Le Christianisme d'Élie Fondaminski

Son passé de narodnik, facilitait pour E.I. son autoéducation dans le christianisme. Il lui fallut apprendre à neuf l'humilité et la patience. Mais la philanthropie pouvait être transplantée en l'état, sans douleur. Dans la science de la charité les justes athées de l'intelligentsia russe n'avaient pas grand chose à apprendre des chrétiens de leur temps. Demeurait aussi la « kénose » des narodnik, cette forme d'ascèse sociale par laquelle l'intelligentsia russe rejoignait les traditions de sainteté russe. Les « vêtements grossiers » de saint Serge de Radonège trouvaient leur correspondant dans les vestes élimées et les cols froissés qu'E.I arborait dans les réunions ou même au concert, à sa barbe non rasée les jours de semaine.

Il ne se soumettait pas à des épreuves ascétiques, ne dormait pas sur des clous comme Rakhmetov, ne se privait pas des biens de la culture et du confort que mettaient à sa portée ses ressources matérielles ou plutôt les habitudes de vie de son épouse, mais il n'en éprouvait aucun besoin et il était clair qu'il y aurait renoncé sur le champ si les circonstances l'avaient exigé.

Jusqu'à quel point le christianisme d'E.I. était-il profond et complet ? Il est difficile de répondre à cette question. Comme on sait, il ne reçut le baptême qu'à la veille de sa mort, et ne participait donc pas aux sacrements de L'Église ni à ce qu'on appelle la vie ecclésiale. Mais il priait et on le voyait à l'église tous les dimanches. Dans les dernières années avant la guerre, il appartenait à la petite paroisse française du père Gillet. Il aurait été naturel de supposer chez lui quelque réticence de nature dogmatique ou autre, qui l'aurait amené à remettre son entrée dans l'Église. Mais E.I. écartait toujours des suppositions de cette nature. Par modestie, il ne prononça jamais aucun discours ni ne publia aucun article touchant à la théologie et il sut résister avec succès à la tentation de devenir un publiciste orthodoxe. Cependant les interprétations modernes de l'orthodoxie de Soloviev, de Boulgakov et surtout de Berdiaev semblaient le satisfaire pleinement.
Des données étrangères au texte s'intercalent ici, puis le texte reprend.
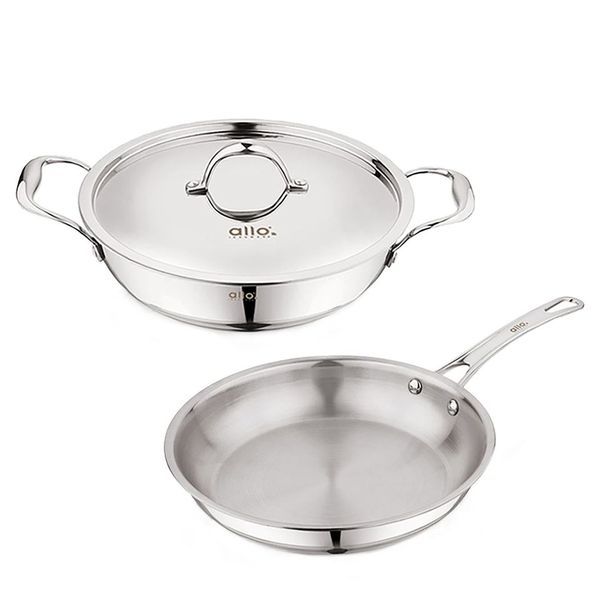 Buy Allo CookSafe TriPly Stainless Steel Kadhai & Frypan 2pcs Combo Set of 2.7 Litres Kadhai with Lid and 1.5 litres Frypan without Lid - Induction Friendly - Naturally Non-Stick, 24Cm & 22Cm on EMI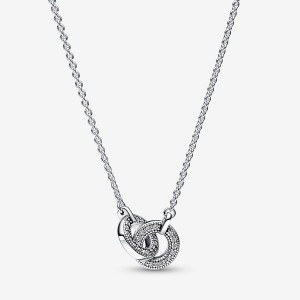 Pandora Signature Intertwined Pave Pendant Necklace Argento | 79OIDYBGU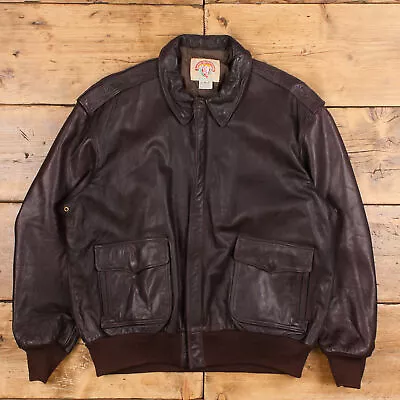 Buy Vintage Safari Outfitters Leather Jacket XL 90s Bomber A2 USA Made Brown Zip • 49.99£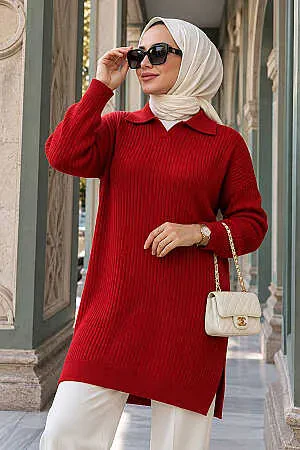 Red Modest Knit Sweater 10921K 
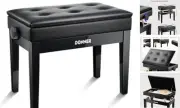 Adjustable Piano Bench with Storage, Solid Wood Keyboard Bench Wooden Piano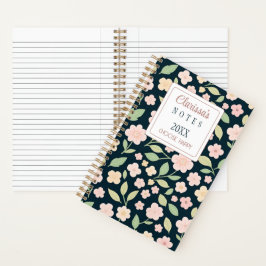 Custom Modern Pink Wildflowers Notizbuch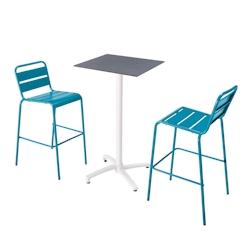 Oviala Business - Ensemble table haute stratifié ardoise gris 60x60x110 cm et 2 chaises hautes bleu pacific en métal_0
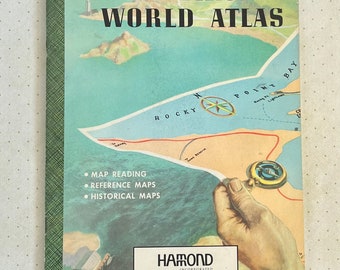 My first world atlas, Hammond Incorporated, vintage maps, vintage illustrations, 1960s style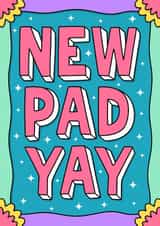 Cool Contemporary New Home Card - Pad - New Pad Yay created by Wafflemamaart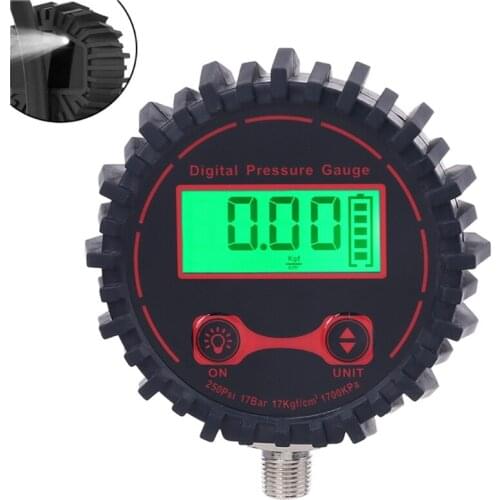 0-250 PSI Digital Tire Pressure Guage 1/8" with Flashlight for Car Bicycle Motorcycle Vehicle Tyre Inflator Gauge M89B
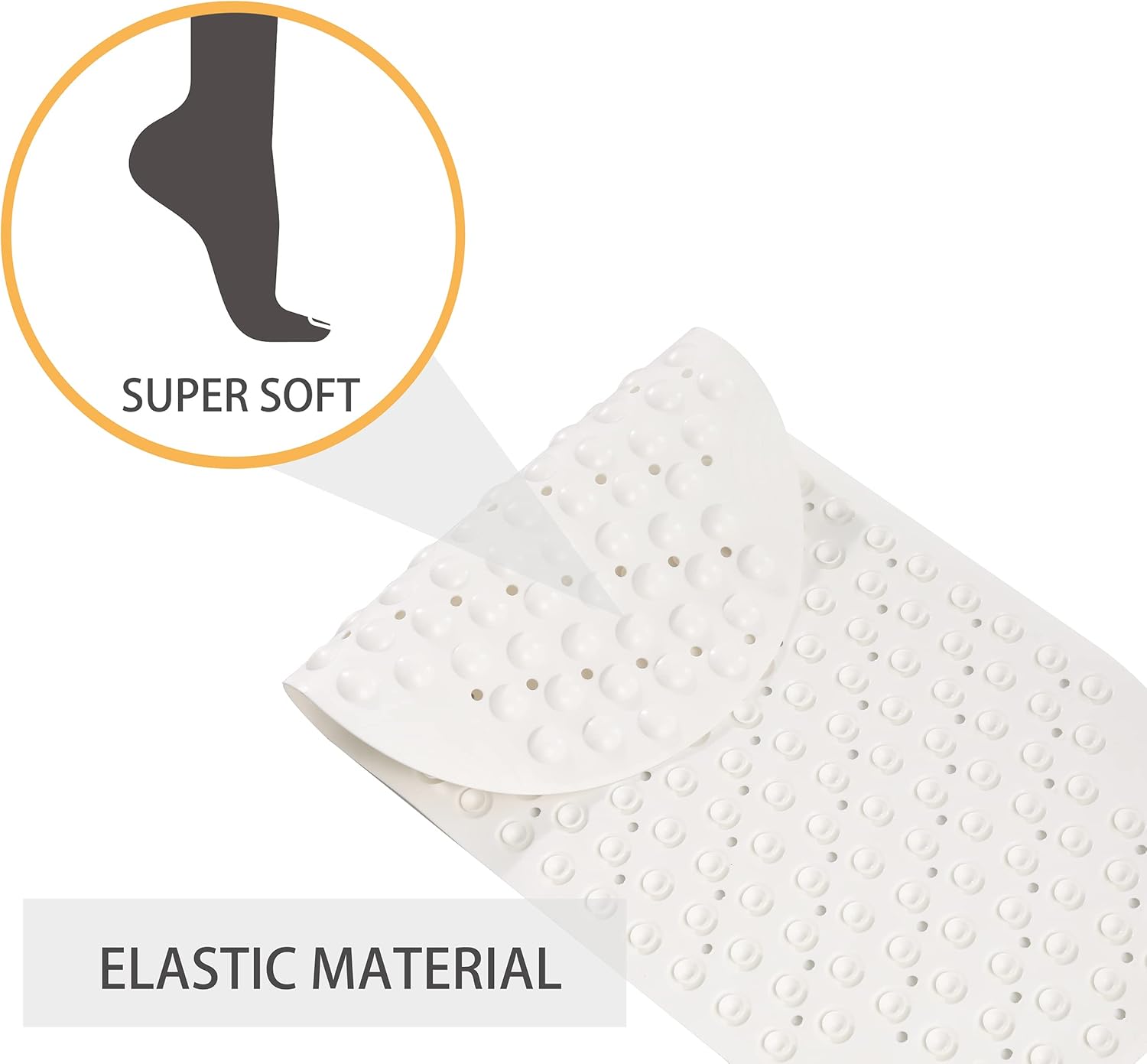 Mantto Non-Slip TPE Bathtub Mat 35x16 White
E.I. récusait tout autant cette autre supposition qu'il ne recherchait pas les sacrements parce qu'il n'en ressentait pas la nécessité. Son idéalisme philosophique pouvait le faire penser, mais E.I. affirmait qu'il comprenait parfaitement pourquoi l'être humain, fait de chair et d'esprit, avait besoin de symboles matériels pour accéder aux dons spirituels. Et cette affirmation était sincère, bien qu'indubitablement il allait au Christ par le chemin de l'éthique plus que par celui de la mystique et des sacrements. Quand on lui demandait pourquoi il refusait le baptême malgré son accord complet avec l'Église, il répondait qu'il en était indigne. Et dans l'humilité de cette conscience de soi il y avait une part de vérité. Tel les chrétiens du IVe siècle, il estimait que le baptême constituait un nouveau tournant dans la vie, une nouvel élan vers la sainteté. En plein XXe siècle, il faisait revivre le catéchuménat.

Mais il devait y avoir une autre cause encore à sa temporisation : son identité juive. L'élément russe l'emportait chez Fondaminski sur l'élément juif, tant du point de vue de la culture que du caractère moral. Mais il y avait place en lui pour la judéité. Sans se préoccuper particulièrement des problèmes propres à celle-ci, il ne voulait pas rompre ses liens avec le peuple juif, et en premier lieu avec le cercle d'amis, de parents et de proches pour qui religion et identité nationale étaient indissolublement liées. Même des « agnostiques » ne lui aurait pas pardonné son baptême, où ils auraient vu une trahison. La tragédie religieuse du judaïsme lui était rendue particulièrement sensible par la situation de sa femme, Amalia Osipovna, chrétienne de conviction comme lui, mais dont les liens de sang avec le judaïsme étaient plus forts que les siens. L'amour passionné qu'elle éprouvait pour sa mère, une juive orthodoxe, lui rendait impossible le baptême, même après la mort de celle-ci : A.O. ne voulait pas se séparer de sa mère même dans l'au-delà. Tel devait aussi être le drame religieux d'E.I. Ce drame rappelle beaucoup celui de Péguy, ce catholique orthodoxe et fervent, qui jusqu'à l'approche de la mort ne pouvait aller à la messe pour ne pas abandonner ses amis incroyants, cet « ordre » de l'intelligentsia radicale auquel il appartenait. Au demeurant, Fondaminski n'abordait jamais ce motif secret de son catéchuménat. Et toujours il alléguait son indignité.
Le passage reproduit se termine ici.